─── Source material

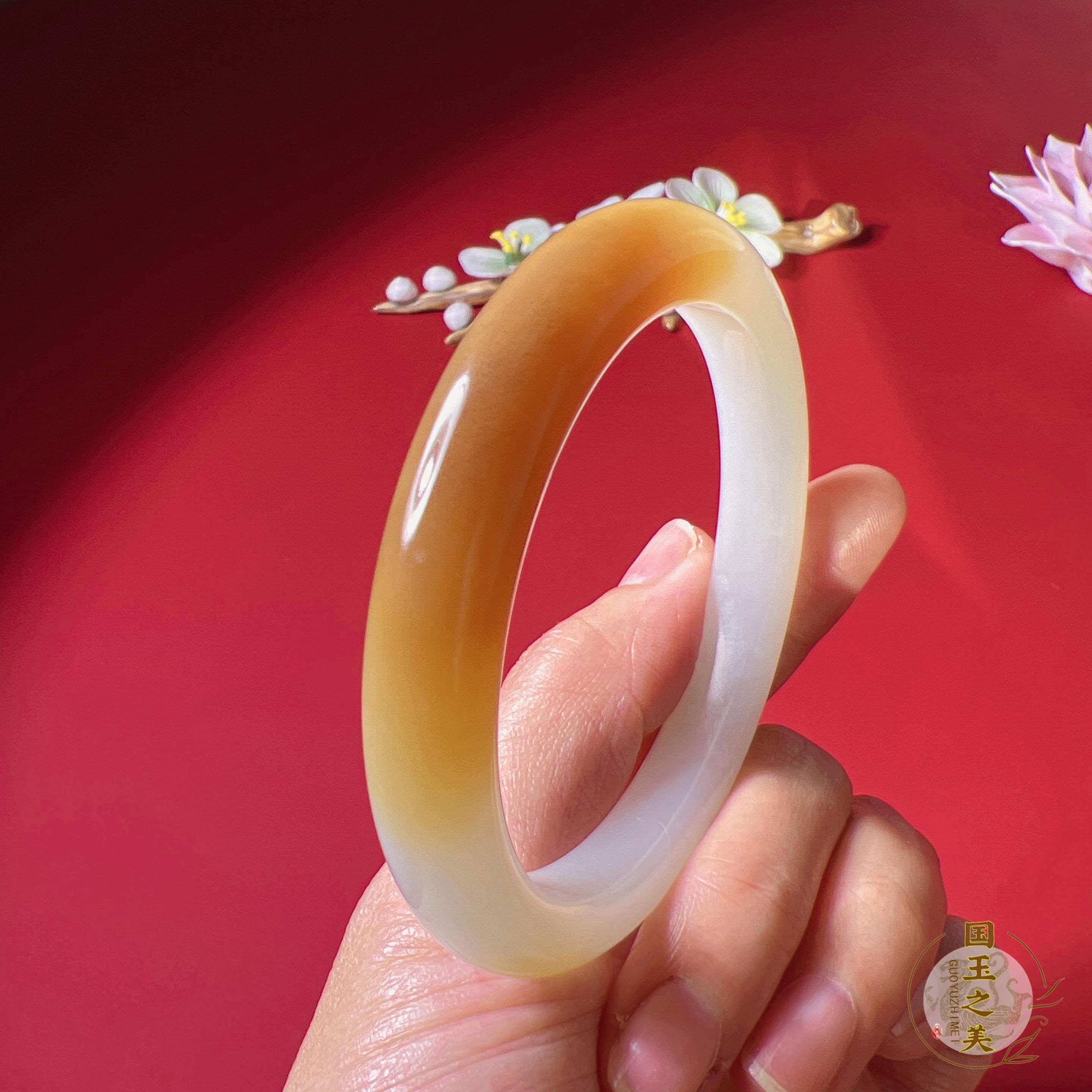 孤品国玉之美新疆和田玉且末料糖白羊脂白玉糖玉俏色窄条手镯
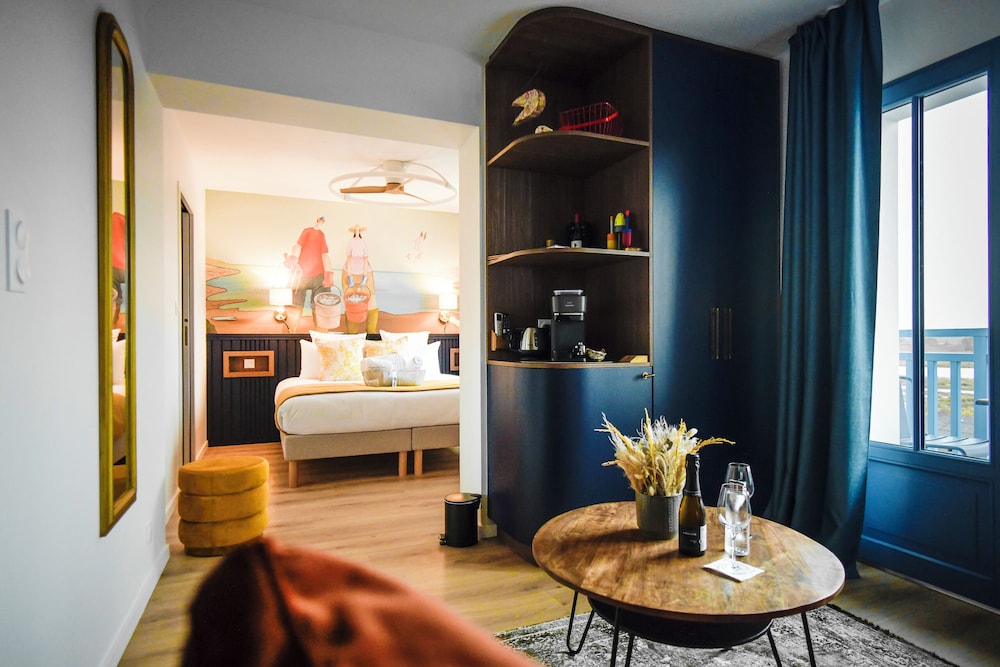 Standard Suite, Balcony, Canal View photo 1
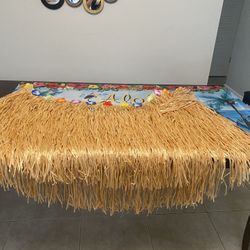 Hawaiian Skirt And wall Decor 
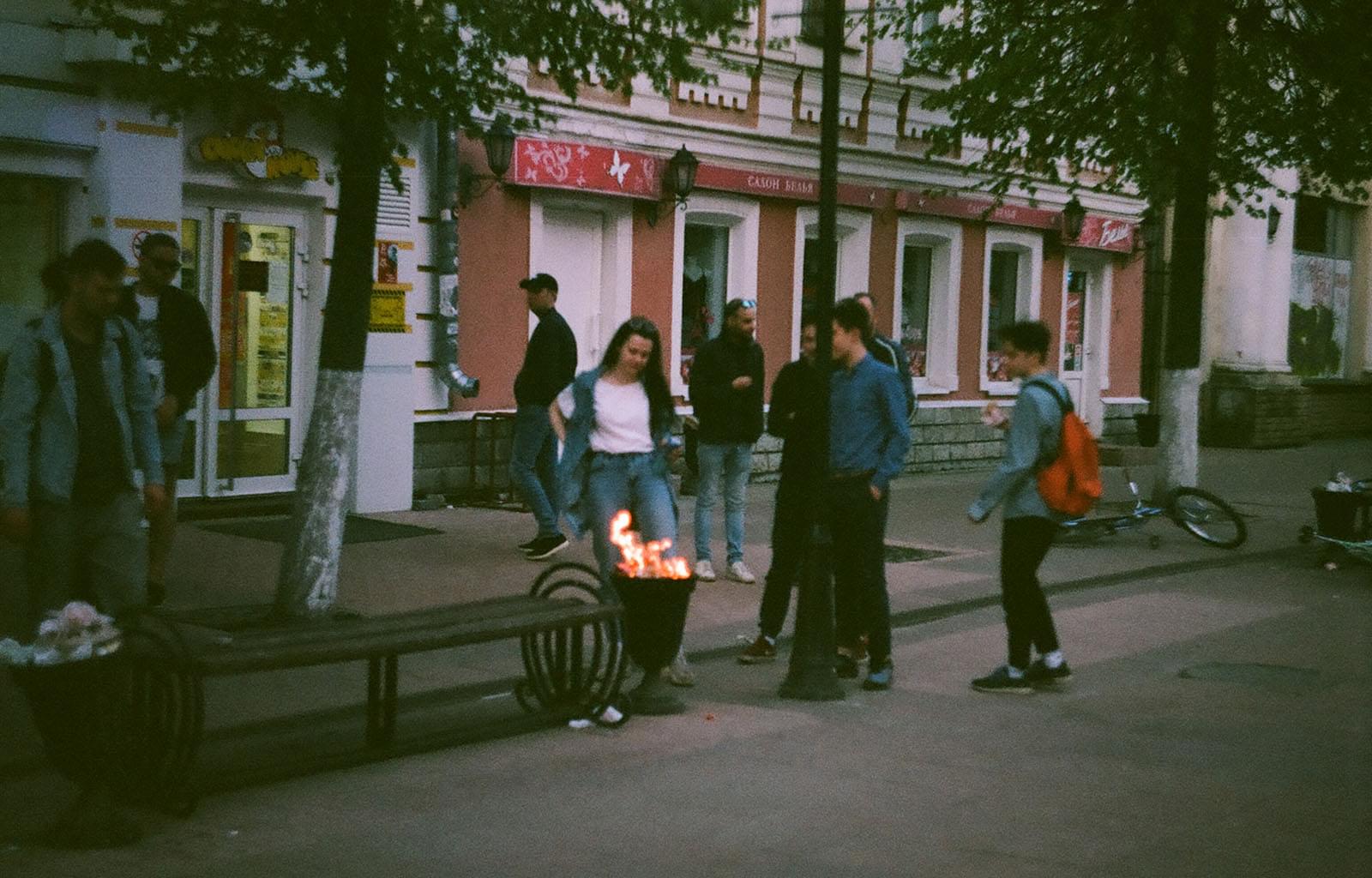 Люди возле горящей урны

──────

Task objective -> Your answer must be the full listing, copied exactly, with no pictures in it.

Output of the exercise ->
 孤品国玉之美新疆和田玉且末料糖白羊脂白玉糖玉俏色窄条手镯
 Standard Suite, Balcony, Canal View photo 1
 Hawaiian Skirt And wall Decor 
 Люди возле горящей урны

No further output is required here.